Amnesty International’s briefing analyses the proposed police oversight commission; gives examples of cases of police abuse that an effective oversight body would address; and highlights areas of the draft enabling legislation that could be strengthened.

To ensure that the proposed police oversight commission is empowered to address police abuse, Amnesty International makes the following recommendations:

  • The Malaysian government should ensure that the IPCMC is able to prioritise serious abuses by police, including any death in police custody or as a result of police action.
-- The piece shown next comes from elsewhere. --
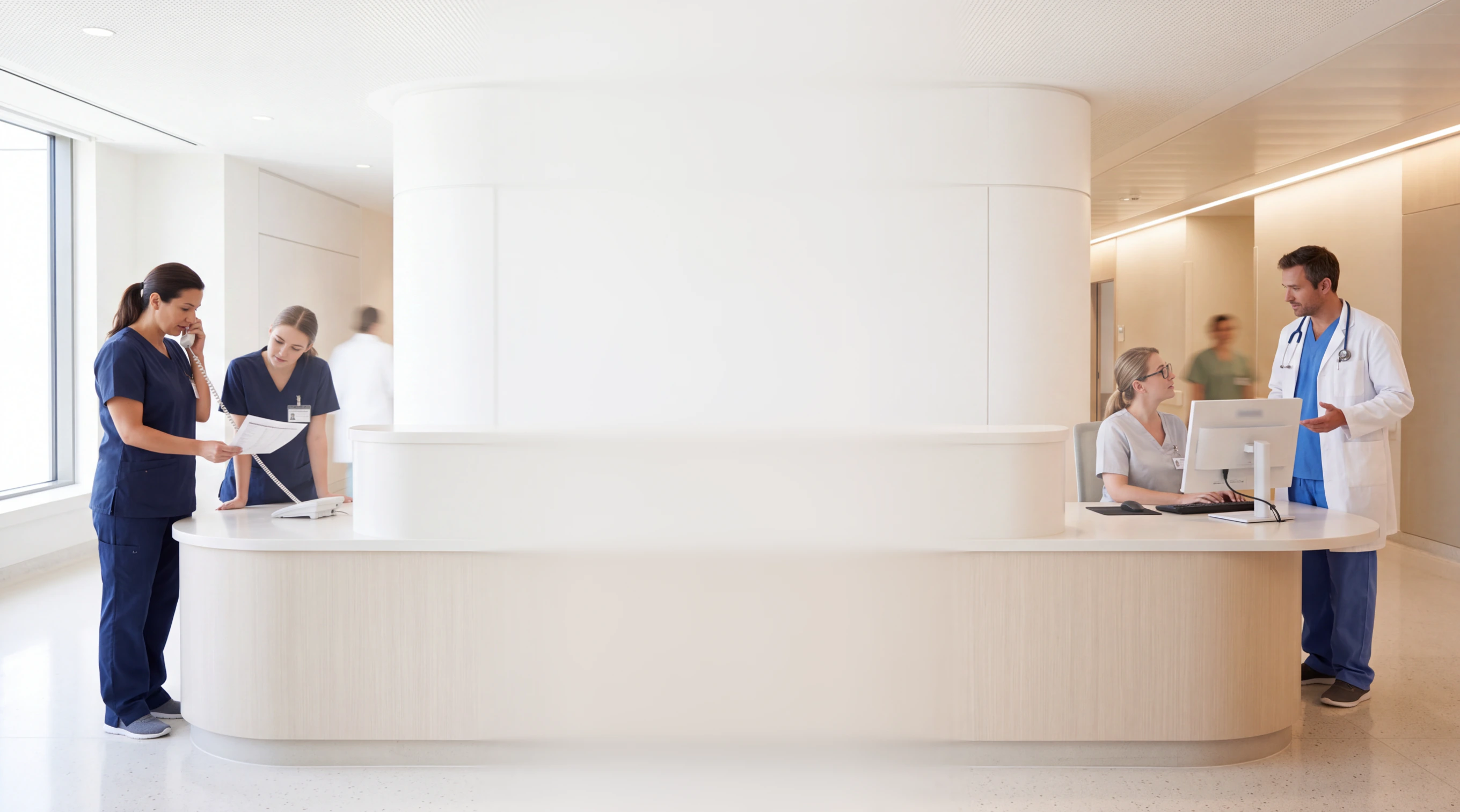 Medical staff at a reception desk in a modern hospital setting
The proposed commission should also have full operational independence from the executive and be free from political influence, including in the appointment of commissioners.
  • To ensure that complaints before the IPCMC can be properly examined, the oversight body should be afforded full investigatory powers, similar to those of a police investigator and that of the current Enforcement Agency Integrity Commission (EAIC). It should also have the power to refer cases to the public prosecutor for criminal prosecution and the ability to appeal decisions not to prosecute, if dissatisfied with the prosecutor’s decision in a case.
  • In order to be fully transparent and sustain public trust, the IPCMC should ensure that complaints are dealt with in a timely fashion, and that complainants are kept up to date on ongoing investigations. Civil society should play an active role in the work of the commission, in order to bring attention to important issues of policing, and provide expertise and input in reforming policies.
  • Finally, in order to fully realise police reforms, Amnesty International calls on Malaysia to ratify the UN Convention against Torture and Other Cruel, Inhuman or Degrading Treatment or Punishment.
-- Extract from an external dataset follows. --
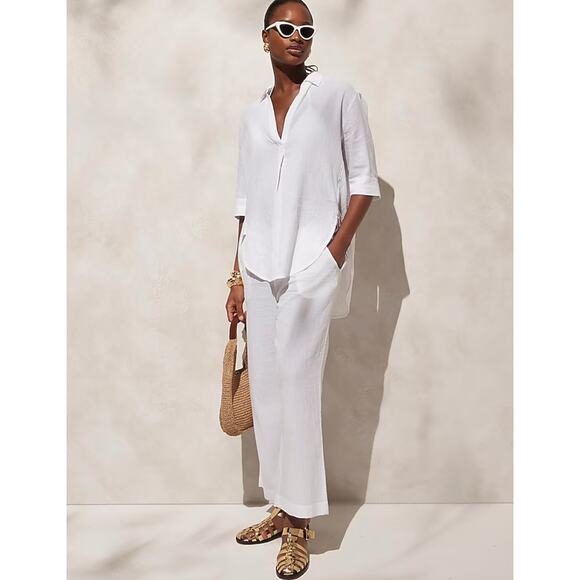 J.Crew Popover Shirt Airy Gauze Tunic Warm Sesame Relaxed Cotton Beach XXS NWT - Picture 2 of 11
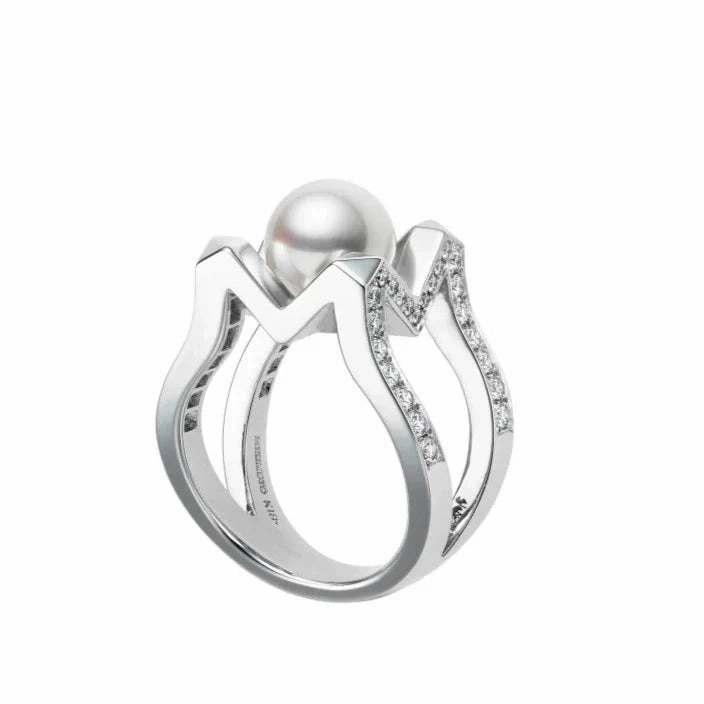Mikimoto M Collection 18ct White Gold Akoya Cultured Pearl 0.43ct Diamond Ring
Other vital human rights pledges, from the death penalty to sedition

In addition to establishing the IPCMC, Amnesty International urges the new leadership in the country to demonstrate its commitment to human rights.  A litmus test will be the progression of crucial reform processes, including the abolition of the Sedition Act and the mandatory death penalty in full.

Malaysian authorities have time and time again used laws such as the Penal Code, the Communications and Multimedia Act (CMA), and the Sedition Act to target peaceful protestors.

The Sedition Act criminalizes a wide array of acts, including those “with a tendency to excite disaffection against any Ruler or government” or to “question any matter” protected by Malaysia’s Constitution. Those found guilty can face three years in jail, be fined up to MYR 5,000 (approximately USD 1,570) or both. The Act does not comply with international human rights law, and violates the right to freedom of expression, which is enshrined in Article 19 of the Universal Declaration of Human Rights (UDHR), and guaranteed in Article 10 of the Malaysian Constitution.

In 2018, the government announced that it was to abolish the death penalty for all crimes. Since then, it has continued to observe an official moratorium on all executions. In 2019, the government established a Special Committee to study sentencing policies to replace the mandatory death penalty with alternative punishments and to make recommendations to the Cabinet.

Amnesty International calls on the government to ensure that legislative amendments are promptly tabled in Parliament to bring national legislation in line with international human rights law and standards, as important first steps towards fully abolishing the death penalty.

“The new leadership of Malaysia must commit to fully respect, protect and fulfill human rights by undertaking other rights reforms that were promised to the Malaysian people in 2018,” said Rachel Chhoa-Howard. “Amnesty International is ready to work with the government to ensure that an effective IPCMC is created and other important human rights reforms are implemented.”

“Passing the bill to establish an effective IPCMC would not only show that the government is serious about police reform and rule of law, but also that it is committed to respecting and securing the human rights of all Malaysians,” said Chhoa-Howard.

“Malaysians were promised police accountability at the polls in 2018. This promise must be kept.”